The code has been (apparently) working fine for some time, but I was surprised the other day when a coworker discovered during debugging that the addition operator in main never calls the defined addition operator on the Fixed class. Instead, it converts the Fixed to a double, does the math as double, and then converts it back to Fixed. Is this the correct behavior? If so, is it safe to assume that built-in data types have a higher precedence when performing implicit promotion? — Ethan D. Frolich
A
The results you see are correct. I've edited your example to better show what's going on:
class Fixed { public: Fixed &operator=(double); operator double() const; friend Fixed operator+ (Fixed const &, Fixed const &); }; // ...'Fixed' member functions... int main() { double d(1); Fixed f; f = 2; f = f + d; return 0; }You expect that the + in f + d will call your operator+. Were that expectation correct, your original statement
f = f + d;would be equivalent to
f = operator+(f, d);As an experiment, replace your original addition statement with this explicit equivalent.

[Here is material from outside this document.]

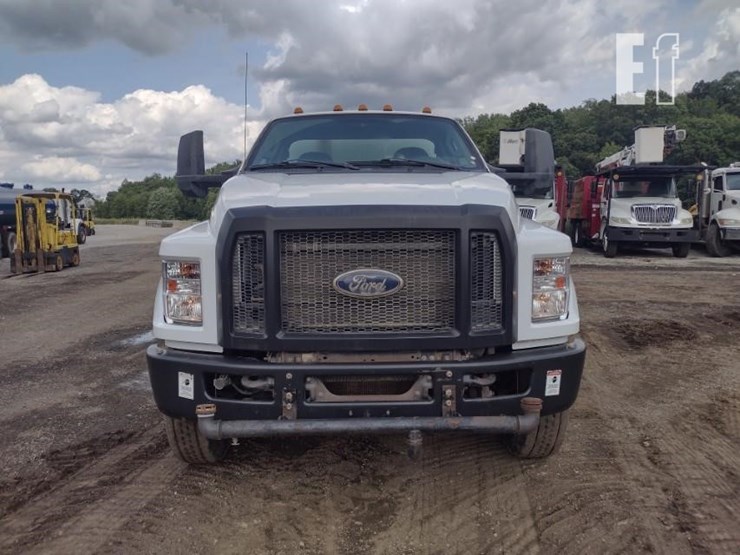 2022-ford-f750-sd-image-2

You should find that your program fails to build. This result implies that your operator+ was never called implicitly in the first place, just as your coworker discovered.
operator+ expects two Fixed arguments. But when you call
operator+(f, d);you are passing operator+ a Fixed argument and a double argument. For the call to work, the double argument needs to convert to a Fixed value.
I've mentioned this in print several times over the years, but it bears repeating here: for any arbitrary type A to convert to another arbitrary type B, at least one of the following must be accessible:
- a standard conversion from A to B
- a conversion operator in B that yields an A return value
- a conversion constructor in A that accepts a B parameter
C++ has no standard conversion from double to Fixed. And since double is not a class type, it can't have a conversion operator. The only alternative is to have Fixed support a conversion constructor that takes a double. If you add the constructor
Fixed(double = 0.);to the Fixed class, the explicit call
operator+(f, d);works. (I gave the constructor a default argument, so it can work in contexts where you had been calling the compiler-synthesized default constructor.)
Unfortunately, if you change the statement back to the original
f = f + d; // erroryour compiler should complain about type ambiguity. Because f can turn itself into a double via Fixed::operator double, the expression
f + dcan be interpreted as
double + doubleBut d can also be turned into a Fixed via our new conversion constructor, meaning the expression can also be interpreted as
Fixed + FixedSince each candidate interpretation requires a single conversion, the compiler can't pick a "best" match.
This is a frequent problem when a class has both conversion constructors and conversion operators interchanging with the same type, especially when that type is built-in. You need to somehow remove the ambiguity, either by eliminating one of the competing interpretations, or by making your intent overt. Simple solutions:
- Change the addition expression to double(f) + d.
- Change the addition expression to f + Fixed(d).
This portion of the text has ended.